Setting up the delayed hook in a sermon is a rhetorical strategy that cautions the preacher not to say too much too soon. Listeners can read the biblical text for themselves. But it is the preacher’s task to shape consciousness and bring the gospel forward as gift and challenge.

In fact, from prologue to epilogue, the Exodus story itself unfolds sequentially. Picking up where the book of Genesis ends, Joseph dies in Egypt along with his generation, the Israelites multiply and grow strong as a people, a new king ascends to the throne but knows not Joseph’s legend, and finally, in fear and intimidation the new king sets out to oppress the Israelites and diminish their population. To follow the mind of the narrative is to see that it virtually preaches itself.

As with many good movies, the plot unfolds inductively, hinting all along the way why each character is important to the storyline, noting the obstacles to be overcome, and revealing why God’s involvement is necessary.
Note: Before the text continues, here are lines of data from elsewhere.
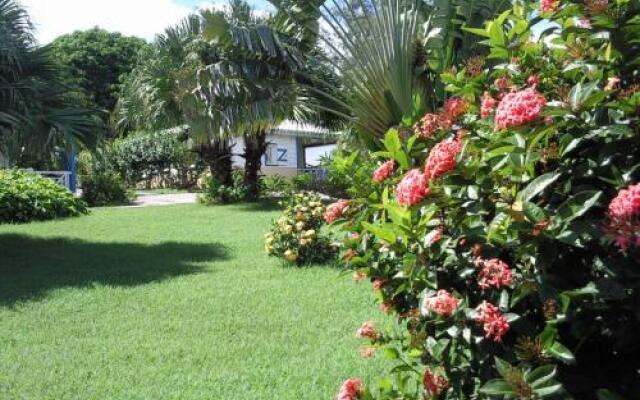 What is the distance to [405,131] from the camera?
8.39 ft

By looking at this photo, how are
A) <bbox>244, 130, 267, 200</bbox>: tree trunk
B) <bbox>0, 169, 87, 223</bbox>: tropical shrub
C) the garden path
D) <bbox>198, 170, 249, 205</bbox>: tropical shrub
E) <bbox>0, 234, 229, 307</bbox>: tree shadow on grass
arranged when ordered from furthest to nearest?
the garden path
<bbox>244, 130, 267, 200</bbox>: tree trunk
<bbox>198, 170, 249, 205</bbox>: tropical shrub
<bbox>0, 169, 87, 223</bbox>: tropical shrub
<bbox>0, 234, 229, 307</bbox>: tree shadow on grass

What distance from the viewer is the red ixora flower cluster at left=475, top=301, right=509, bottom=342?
1671mm

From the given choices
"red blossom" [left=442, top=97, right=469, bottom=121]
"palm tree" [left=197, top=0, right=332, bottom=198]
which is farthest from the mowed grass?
"palm tree" [left=197, top=0, right=332, bottom=198]

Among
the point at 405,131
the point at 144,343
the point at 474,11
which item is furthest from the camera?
the point at 474,11

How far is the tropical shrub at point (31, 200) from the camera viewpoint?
46.5 ft

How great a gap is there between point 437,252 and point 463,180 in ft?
0.76

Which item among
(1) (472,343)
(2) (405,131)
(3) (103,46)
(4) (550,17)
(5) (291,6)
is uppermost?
(3) (103,46)

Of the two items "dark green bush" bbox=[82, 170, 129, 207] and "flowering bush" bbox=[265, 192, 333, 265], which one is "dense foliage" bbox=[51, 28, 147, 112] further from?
"flowering bush" bbox=[265, 192, 333, 265]

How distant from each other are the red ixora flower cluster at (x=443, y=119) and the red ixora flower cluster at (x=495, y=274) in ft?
2.16

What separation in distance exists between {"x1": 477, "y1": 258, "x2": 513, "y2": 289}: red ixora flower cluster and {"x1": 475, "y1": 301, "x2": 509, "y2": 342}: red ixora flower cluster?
0.06m

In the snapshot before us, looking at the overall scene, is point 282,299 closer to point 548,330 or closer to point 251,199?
point 548,330

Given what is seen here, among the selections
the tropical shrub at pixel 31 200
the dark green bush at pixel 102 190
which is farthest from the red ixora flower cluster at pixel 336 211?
the dark green bush at pixel 102 190

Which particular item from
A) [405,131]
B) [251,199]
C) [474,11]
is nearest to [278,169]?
[251,199]

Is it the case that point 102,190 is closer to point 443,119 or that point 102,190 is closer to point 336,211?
point 336,211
Biblical narratives have plots, twists, and turns, moving from problem to resolution, that make for the stuff of drama. To shape messages that capture today’s listener, sermon setup is critical.

A good delayed setup should:

1. Capture textual and/or situational intensity and gravity early on to bring text and situation into sharp focus.

2. Set up suspense that creates a bind and establishes a burden that listeners hope and expect the gospel to address meaningfully or resolve.

3. Begin with or set up anticipation for a searching or striking question. When logically arranged, the same question used repeatedly throughout the sermon can be used to great effect in engaging the hearer meaningfully. Caution: A preacher should only raise questions if the preacher has planned a well timed, fitting response to follow. Nothing robs the listener of story or sabotages the sermon more than a stream of rhetorical questions only raised for effect.

4. Share a meaning-making scene(s) using vivid language, directional cues, and carefully crafted words.

5. Be rehearsed. The preacher should strive to commit the first and last minute of the sermon to memory. Both minutes should be memorable.

6. Postpone propositions. Propositions that are made too early are a killjoy to sermon setup. Often introductory remarks or spending too much time explaining the historical context of the passage robs the preacher of an opportunity to connect with the listener. Nothing slows sermon momentum and attentiveness as tell-all titles and sermon openers like, “The title of my sermon is . . . Or, turn with me to the book of Exodus where it talks about the birth of Moses.” Or, fashioned of late and quickly becoming cliché, the preacher says to the congregation after reading the scripture, “touch and tell your neighbor [God is bringing you out of Egypt] and now turn to your other neighbor and say [God is bringing me out of Egypt] . . .” to which the expectation held by the preacher is that this gimmick will somehow make the sermon more memorable when in fact it does four things to the contrary:

– It forces listeners into another’s personal space.

– It will likely foster inauthentic social interaction between preacher and pew.

– It unwittingly communicates that the preacher needs the congregation to be won over before some serious wrestling with the scriptures has taken place.

– It tells listeners at the outset that you don’t trust them to get what you are about to talk about.

If this technique is your custom, you may want to think about using this formula sparingly if at all. Some people deeply value opening their own homiletical birthday gift without the preacher or their neighbor telling them what’s inside.

Postponement also tends to be very effective when attempting to address controversial or sensitive topics (e.g., human sexuality, war and patriotism, homosexuality, abortion, women’s ordination, euthanasia, mental disorders, over-policing and gun violence, intimate partner violence) that may be hard for listeners to hear, but the congregation should address or care about.

7. Have a purposeful function. A sermon can function a number of ways based on sermonic purpose and the sacred text it considers and interprets. The sermon may work by privileging a singular function or combination of them in establishing the sermon’s agenda. Will it be best characterized as a teaching (didache), exhortative (paraklesis), or a parabolic (parabole) sermon? Regardless of principal function, ideally the message will shift to a proclamatory (kerygmatic) address. [1]


[1] David Bartlett, “Sermon,” Concise Encyclopedia of Preaching, ed. William Willimon and Richard Lischer (Louisville: Westminster John Knox, 1995), 433–35.